This same "replacement" approach is also used with some XML vocabularies. In these cases, an instance simply states which specific version of a DTD it requires, and the parser will load it and proceed. There is no assertion of a particular relationship between any two given versions of the vocabularies. While mechanisms such as parameter entities may make the expression of changes easier to implement, they do not provide any guarantees about the changes themselves, or how similar two versions are.
While this approach has been made to work fairly well in the past, it is not, perhaps, enough to support easy, quick trading-partner integrations. Further, it begins to pose questions about the identity of the versioned entity: what is a version other than a wholly-different-but-similar DTD or structure? (Clearly, such questions can be answered, but these answers are application-specific, and often inconsistent in practice.) If a version-relationship provides no useful guarantee regarding interoperability, then what use is it? Obviously, this is a bit extreme, but aside from issues of marketing and perception, the "simple" versioning approach has not much to recommend it (other than its simplicity, of course).
Some vocabularies have adopted a variation of the "simple" approach, in which some version changes are characterized as "major" and some as "minor". This is based on the practice within the software industry, where a certain degree of backward-compatibility can reasonably be expected of minor versions. Historically, however, there has not always been a strict definition about what backward-compatibility actually is - it almost seems as if this ambiguity has been leveraged by some software vendors to promote sales of software upgrades. A good example from the non-XML world is RTF ("rich text format"), in which most - but not all - of the format's features behave the same across product versions.
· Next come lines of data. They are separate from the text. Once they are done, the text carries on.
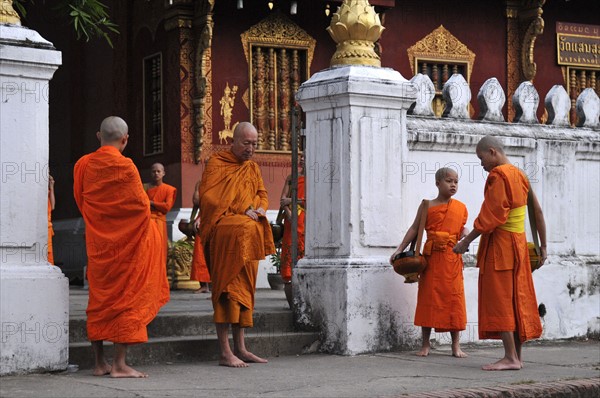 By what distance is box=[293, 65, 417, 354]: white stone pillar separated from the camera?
10016 mm

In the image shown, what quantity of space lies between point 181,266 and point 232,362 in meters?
6.81

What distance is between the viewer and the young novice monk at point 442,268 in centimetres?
981

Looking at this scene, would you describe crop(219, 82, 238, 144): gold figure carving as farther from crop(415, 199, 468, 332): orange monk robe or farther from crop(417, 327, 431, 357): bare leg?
crop(417, 327, 431, 357): bare leg

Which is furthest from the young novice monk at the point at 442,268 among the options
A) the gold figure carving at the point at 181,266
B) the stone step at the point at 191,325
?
the gold figure carving at the point at 181,266

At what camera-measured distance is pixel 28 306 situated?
841 cm

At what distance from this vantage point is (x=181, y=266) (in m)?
15.9

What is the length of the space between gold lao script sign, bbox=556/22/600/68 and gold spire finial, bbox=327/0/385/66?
975 centimetres

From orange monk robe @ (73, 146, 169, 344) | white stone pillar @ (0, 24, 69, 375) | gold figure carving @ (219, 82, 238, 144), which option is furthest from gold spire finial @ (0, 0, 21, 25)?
gold figure carving @ (219, 82, 238, 144)

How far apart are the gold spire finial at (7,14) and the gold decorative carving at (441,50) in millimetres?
10271

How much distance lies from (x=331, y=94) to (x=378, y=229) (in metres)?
1.18

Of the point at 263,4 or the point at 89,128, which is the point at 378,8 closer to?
the point at 263,4

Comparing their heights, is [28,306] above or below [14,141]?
below

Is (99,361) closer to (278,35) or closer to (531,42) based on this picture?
(278,35)

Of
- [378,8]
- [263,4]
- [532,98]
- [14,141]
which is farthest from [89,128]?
[14,141]
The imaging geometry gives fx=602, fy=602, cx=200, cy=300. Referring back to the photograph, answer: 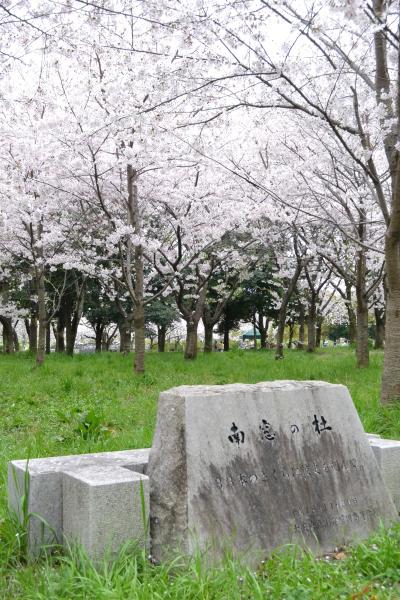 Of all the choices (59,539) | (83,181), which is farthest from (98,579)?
(83,181)

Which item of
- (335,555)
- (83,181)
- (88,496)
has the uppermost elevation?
(83,181)

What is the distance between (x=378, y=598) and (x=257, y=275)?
68.7 feet

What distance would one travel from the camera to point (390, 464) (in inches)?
194

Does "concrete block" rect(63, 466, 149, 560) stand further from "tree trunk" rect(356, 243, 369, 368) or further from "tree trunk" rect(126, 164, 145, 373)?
"tree trunk" rect(356, 243, 369, 368)

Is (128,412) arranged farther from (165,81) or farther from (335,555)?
(335,555)

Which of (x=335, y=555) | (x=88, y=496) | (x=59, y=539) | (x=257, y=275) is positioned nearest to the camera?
(x=88, y=496)

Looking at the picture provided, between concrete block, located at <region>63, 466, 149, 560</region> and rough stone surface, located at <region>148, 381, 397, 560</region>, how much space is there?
7.8 inches

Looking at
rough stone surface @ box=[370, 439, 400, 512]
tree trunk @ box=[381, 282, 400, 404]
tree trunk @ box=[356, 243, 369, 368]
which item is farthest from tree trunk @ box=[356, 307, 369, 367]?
rough stone surface @ box=[370, 439, 400, 512]

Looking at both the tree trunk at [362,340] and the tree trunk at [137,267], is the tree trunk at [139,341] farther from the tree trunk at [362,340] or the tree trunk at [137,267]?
the tree trunk at [362,340]

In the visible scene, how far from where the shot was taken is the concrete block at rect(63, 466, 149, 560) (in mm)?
3465

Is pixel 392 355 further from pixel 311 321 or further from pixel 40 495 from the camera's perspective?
pixel 311 321

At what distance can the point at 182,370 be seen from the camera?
49.4 feet

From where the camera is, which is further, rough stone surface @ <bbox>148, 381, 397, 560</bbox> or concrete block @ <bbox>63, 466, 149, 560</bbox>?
rough stone surface @ <bbox>148, 381, 397, 560</bbox>

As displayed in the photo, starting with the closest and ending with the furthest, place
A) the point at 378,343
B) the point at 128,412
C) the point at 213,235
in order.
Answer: the point at 128,412
the point at 213,235
the point at 378,343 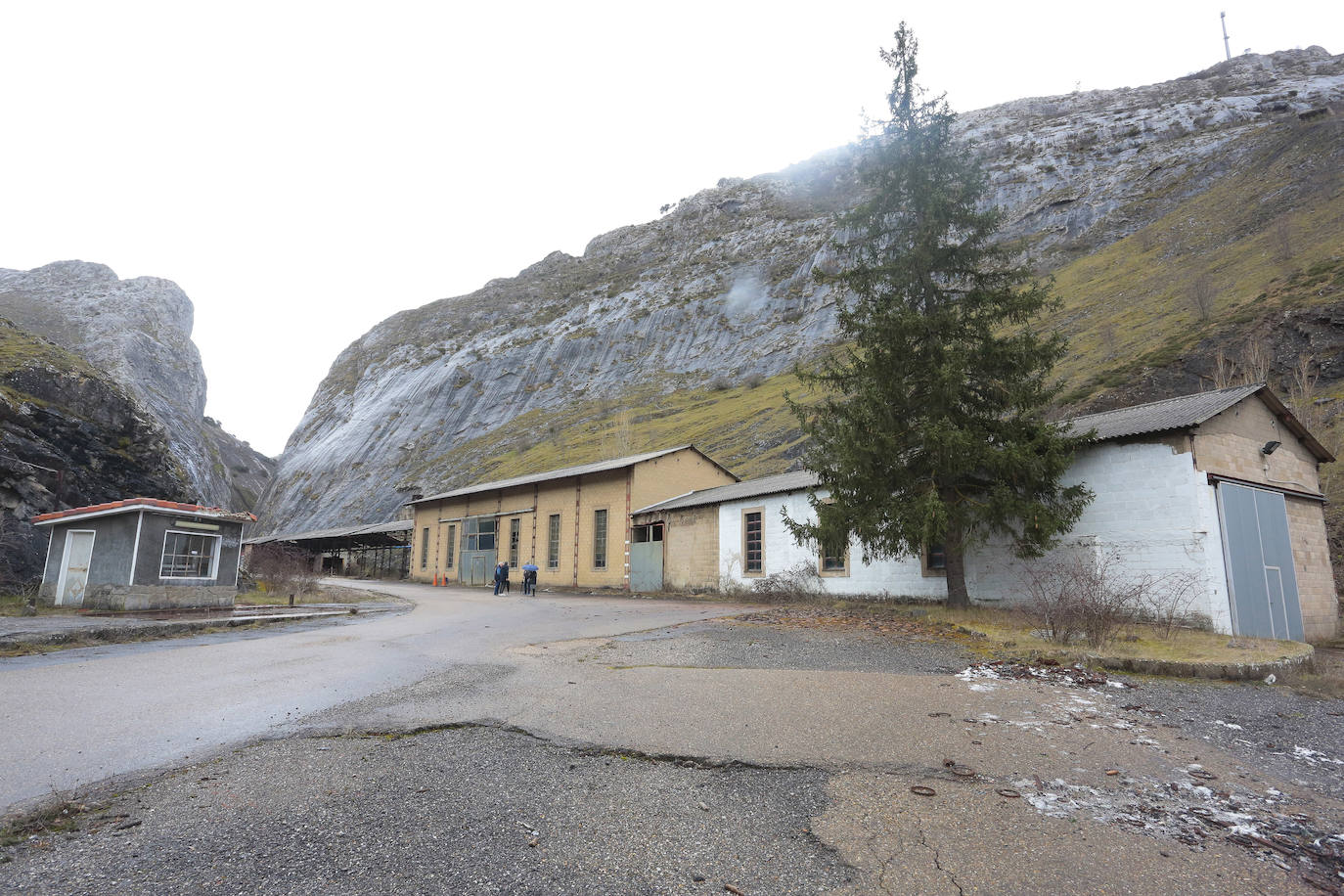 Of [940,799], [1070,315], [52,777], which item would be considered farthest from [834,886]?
[1070,315]

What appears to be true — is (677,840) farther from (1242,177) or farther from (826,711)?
(1242,177)

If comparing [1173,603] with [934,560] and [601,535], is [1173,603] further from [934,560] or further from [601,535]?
[601,535]

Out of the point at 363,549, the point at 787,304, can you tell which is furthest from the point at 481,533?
the point at 787,304

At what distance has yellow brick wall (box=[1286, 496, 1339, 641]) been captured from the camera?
1315cm

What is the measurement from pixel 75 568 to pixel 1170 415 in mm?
25283

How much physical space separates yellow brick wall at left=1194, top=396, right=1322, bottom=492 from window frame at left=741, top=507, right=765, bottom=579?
11.6m

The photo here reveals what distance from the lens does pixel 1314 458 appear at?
15289 millimetres

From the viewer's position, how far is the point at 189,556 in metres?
17.1

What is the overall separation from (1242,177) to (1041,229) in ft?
52.6

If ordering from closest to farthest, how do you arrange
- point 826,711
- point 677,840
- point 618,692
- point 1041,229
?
point 677,840, point 826,711, point 618,692, point 1041,229

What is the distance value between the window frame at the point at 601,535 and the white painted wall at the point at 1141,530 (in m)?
14.6

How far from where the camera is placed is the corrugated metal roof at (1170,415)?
461 inches

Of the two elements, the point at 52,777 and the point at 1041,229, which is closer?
the point at 52,777

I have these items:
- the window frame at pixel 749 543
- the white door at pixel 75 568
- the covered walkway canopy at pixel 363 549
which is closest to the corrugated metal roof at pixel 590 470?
the window frame at pixel 749 543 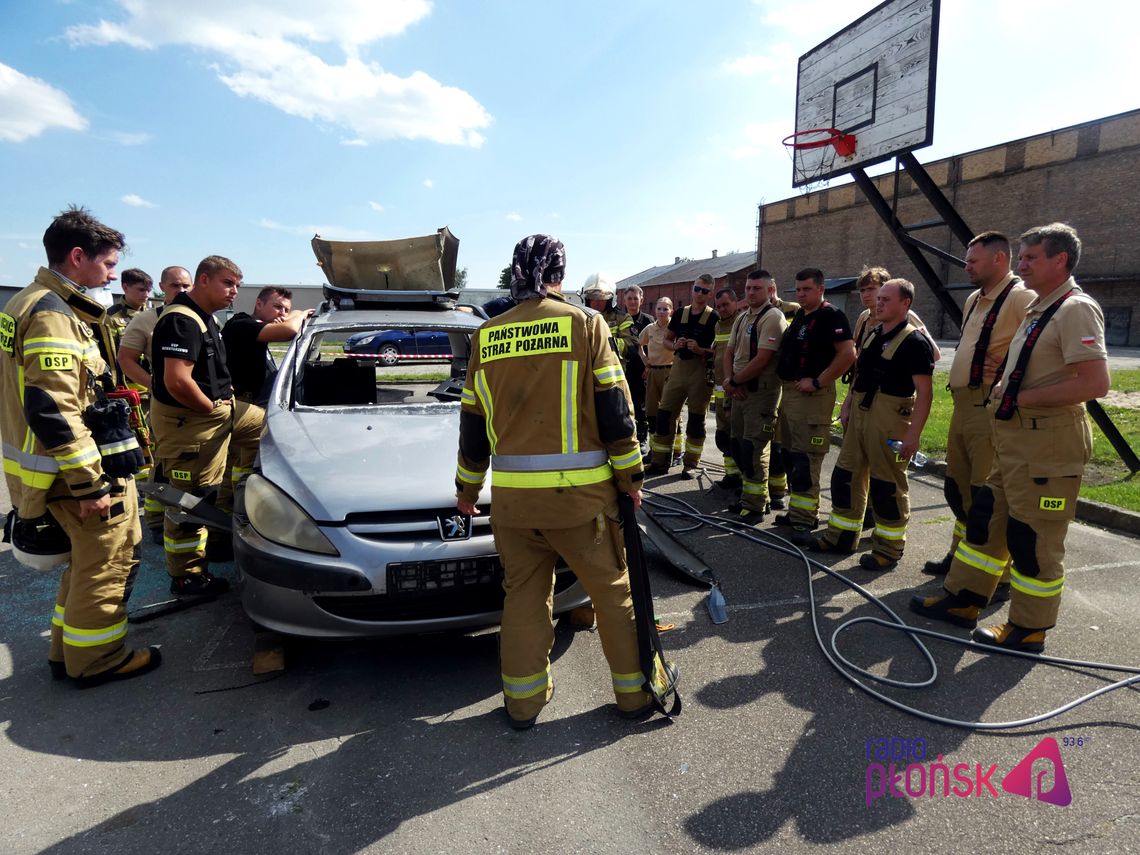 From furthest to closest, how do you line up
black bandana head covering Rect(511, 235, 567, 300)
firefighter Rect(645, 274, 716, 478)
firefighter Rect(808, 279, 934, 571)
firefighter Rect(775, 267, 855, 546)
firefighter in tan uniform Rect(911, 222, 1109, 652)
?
1. firefighter Rect(645, 274, 716, 478)
2. firefighter Rect(775, 267, 855, 546)
3. firefighter Rect(808, 279, 934, 571)
4. firefighter in tan uniform Rect(911, 222, 1109, 652)
5. black bandana head covering Rect(511, 235, 567, 300)

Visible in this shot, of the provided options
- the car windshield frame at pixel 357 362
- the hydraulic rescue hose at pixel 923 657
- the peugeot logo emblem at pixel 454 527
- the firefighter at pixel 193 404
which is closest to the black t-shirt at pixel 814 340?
the hydraulic rescue hose at pixel 923 657

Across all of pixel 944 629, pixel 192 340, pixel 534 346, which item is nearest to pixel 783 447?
pixel 944 629

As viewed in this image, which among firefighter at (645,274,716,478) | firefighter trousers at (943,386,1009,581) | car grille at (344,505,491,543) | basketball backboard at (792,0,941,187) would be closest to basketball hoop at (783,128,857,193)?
basketball backboard at (792,0,941,187)

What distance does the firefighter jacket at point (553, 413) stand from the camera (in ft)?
7.81

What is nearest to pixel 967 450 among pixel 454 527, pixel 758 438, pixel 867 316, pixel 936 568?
pixel 936 568

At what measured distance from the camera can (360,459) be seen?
306cm

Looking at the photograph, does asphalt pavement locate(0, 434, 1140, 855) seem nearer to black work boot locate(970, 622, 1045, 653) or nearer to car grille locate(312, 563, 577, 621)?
black work boot locate(970, 622, 1045, 653)

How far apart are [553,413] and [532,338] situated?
0.96 ft

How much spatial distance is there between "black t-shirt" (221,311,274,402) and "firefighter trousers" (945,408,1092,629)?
15.7 feet

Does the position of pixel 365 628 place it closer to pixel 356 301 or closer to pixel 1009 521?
pixel 1009 521

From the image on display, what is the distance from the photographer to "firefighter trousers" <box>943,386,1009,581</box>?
3.75 meters

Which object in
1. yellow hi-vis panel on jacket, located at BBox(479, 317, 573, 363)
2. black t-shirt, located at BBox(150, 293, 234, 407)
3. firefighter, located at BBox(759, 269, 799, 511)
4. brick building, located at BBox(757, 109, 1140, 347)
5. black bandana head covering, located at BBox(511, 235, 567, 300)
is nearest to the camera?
yellow hi-vis panel on jacket, located at BBox(479, 317, 573, 363)

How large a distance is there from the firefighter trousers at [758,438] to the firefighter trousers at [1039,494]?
219cm

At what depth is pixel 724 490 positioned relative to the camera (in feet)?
20.9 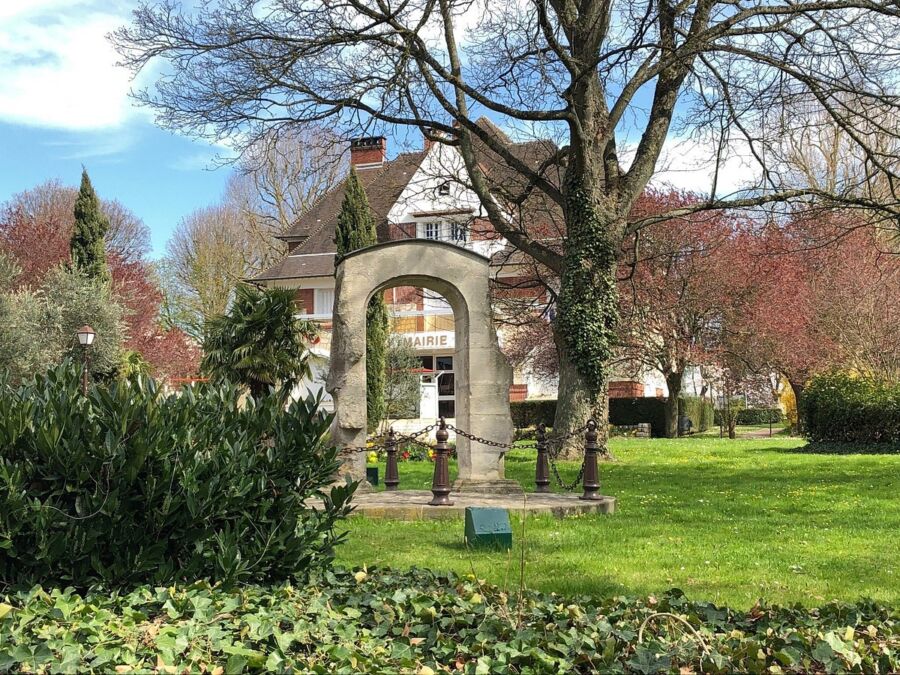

Generally speaking, however, the idea behind major and minor versions is a sound one, if only to help users understand the extent to which a given vocabulary differs from the preceding version, according to its own definitions of minor and major version relationships. (Or, as a cynic might say, it helps users predict how many new bugs they'll encounter in the new version.)
It is helpful to characterize the types of changes that are commonly demanded in the e-commerce arena across versions.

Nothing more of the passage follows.